Dem liegen eine hochwertige Produktion und großartige Schauspielerleistungen zugrunde, vor allem aber traumhafte Drehbücher, die höchst selten schwächeln. Natürlich gibt es das auch, dass die Serie ihren geraden Weg verlässt und allzu sehr streunt im Schicksalsdschungel von Nebenfiguren. Immer dann ist „Borgen“ schwach. Aber in der Regel dauert so etwas nur kurz, und dann geht es wieder zurück auf den rechten Weg.

Natürlich hat der Erfolg auch damit zu tun, dass die Premierministerin und ihr Spindoctor attraktive Figuren mit Tiefgang sind. Kaum vorstellbar, solche Geschichten mit Angela Merkel und Steffen Seibert zu erzählen. Huh! Gruselige Vorstellung. Und dann noch der Gedanke, dass ein Sechs-Millionen-Einwohner-Land wie Dänemark so etwas hinkriegt und Deutschland nicht einmal im Ansatz…

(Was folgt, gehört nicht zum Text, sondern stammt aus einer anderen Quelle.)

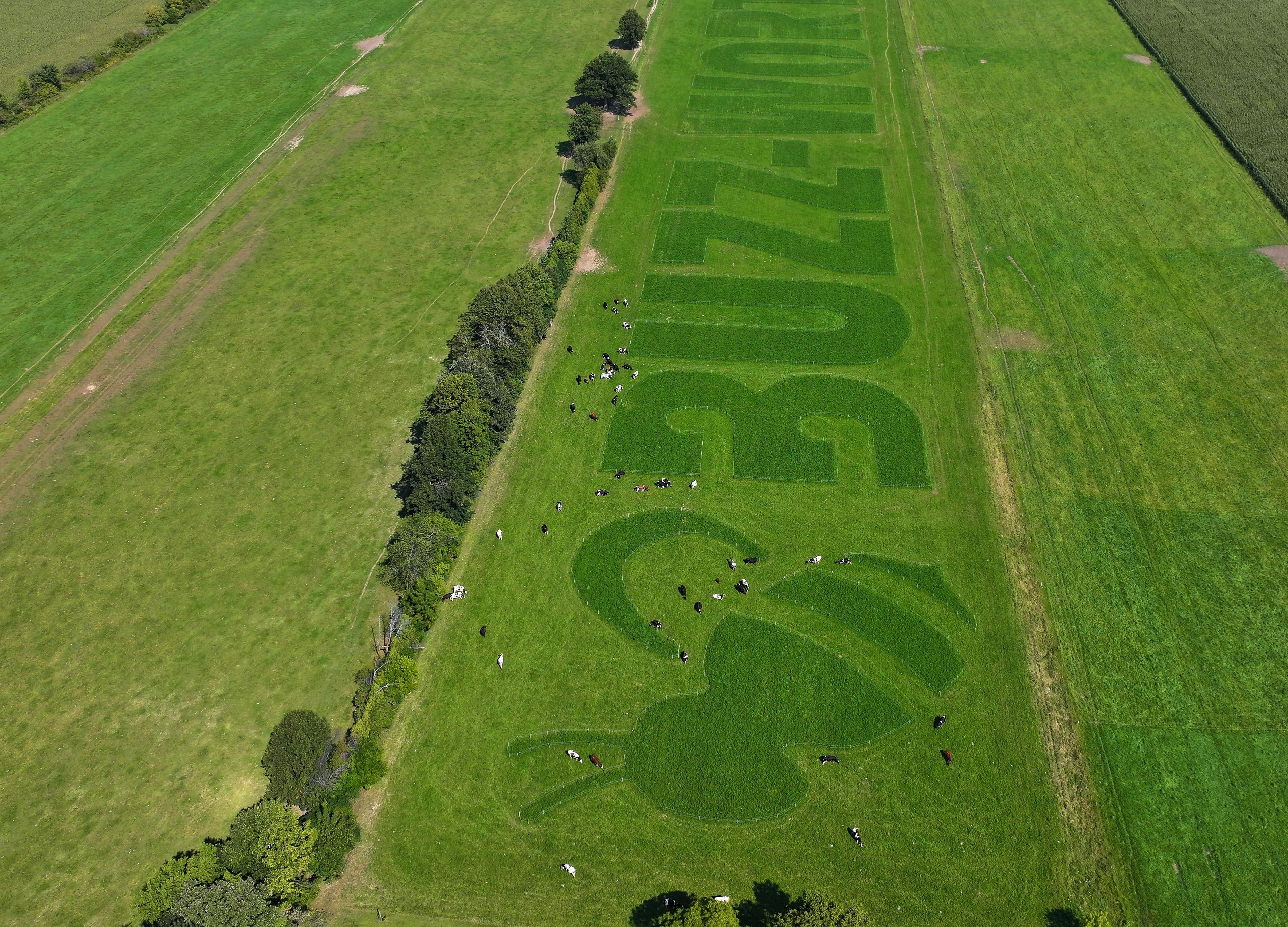 The word “BUZZ-WORTHY” created in pasture, with cows nearby.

Dass „Borgen“ bei aller Qualität keine massentaugliche Serie ist, zeigt sich sehr schön am aktuellen Verhalten von Einsfestival. Der vom WDR gerne so hochgelobte Digitalkanal hat die Serie jüngst mit dem vollmundigen Versprechen ins Programm genommen, alle 30 Folgen zu wiederholen. Kurz vor Schluss der zweiten Staffel wurden die ursprünglich auf 20.15 Uhr programmierten Folgen dann kommentarlos in die Zeit nach Mitternacht verschoben. Man hatte sich eine andere Serie als Erstausstrahlung für die Prime Time gesichert, und da wird halt das gestern noch vollmundig formulierte Versprechen mal eben gebrochen.

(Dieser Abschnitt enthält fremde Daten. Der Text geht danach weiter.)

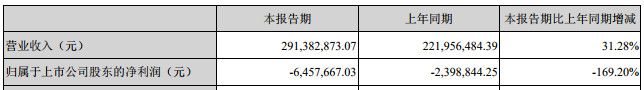 29家鋰電材料上市公司一季度業(yè)績(jī)曝光  可見(jiàn)哪種材料業(yè)務(wù)最賺錢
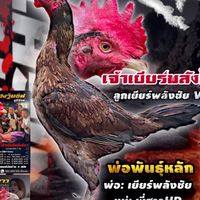 ปวีณาฟาร์ม บุรีรัมย์🐓🎉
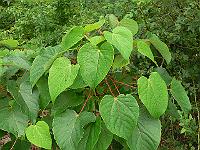 2011-08-08_11-37-56_0011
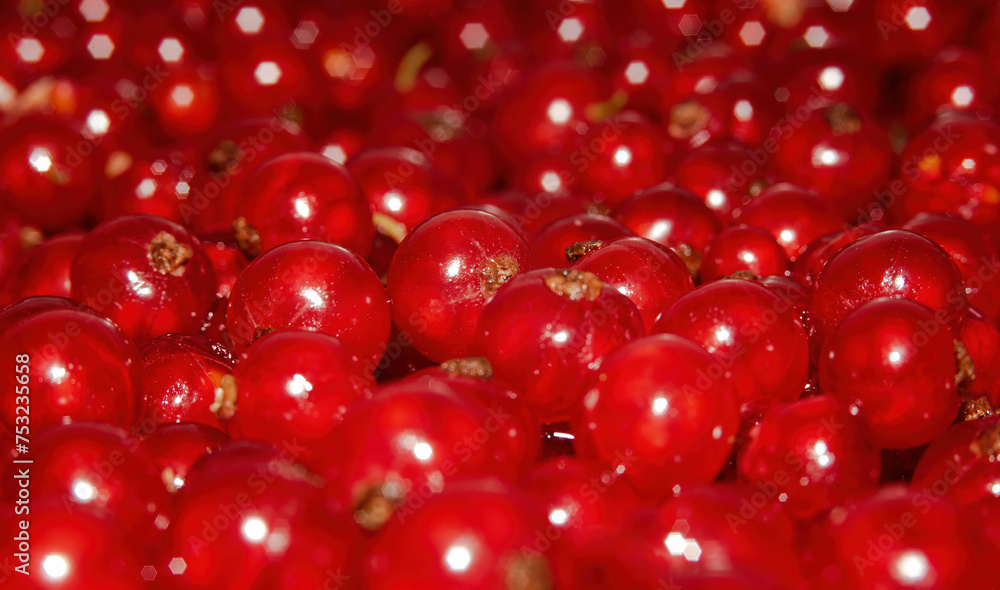 Background of bright red currant berries. Selective focus Background of bright red currant berries. Selective focus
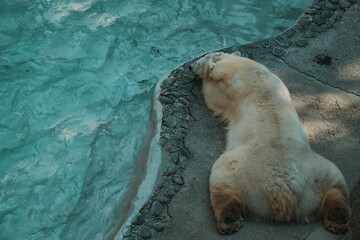Polar bear resting next to a pool in a Zoo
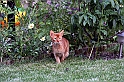 IMG_5053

Und als wäre dieses lieblose Verhalten nicht Skandal genug, verschwand die Serie dann nach Ende der zweiten Staffel komplett aus dem Programm. Vielleicht werde man sie im Herbst bringen, heißt es aus dem WDR. Aber vielleicht wiederhole man dann erst noch einmal die zweite Staffel. Wieso nicht auch die erste? Nichts Genaues weiß man nicht. Besser kann man die Überflüssigkeit von Einsfestival wohl kaum dokumentieren. Einen Sender, bei dem Anspruch und Praxis derart auseinander klaffen, braucht kein Mensch.

Auch das ist eine Erkenntnis, die „Borgen“ so ganz nebenbei zu Tage gefördert hat. „Borgen“ macht klüger. In jeder Hinsicht.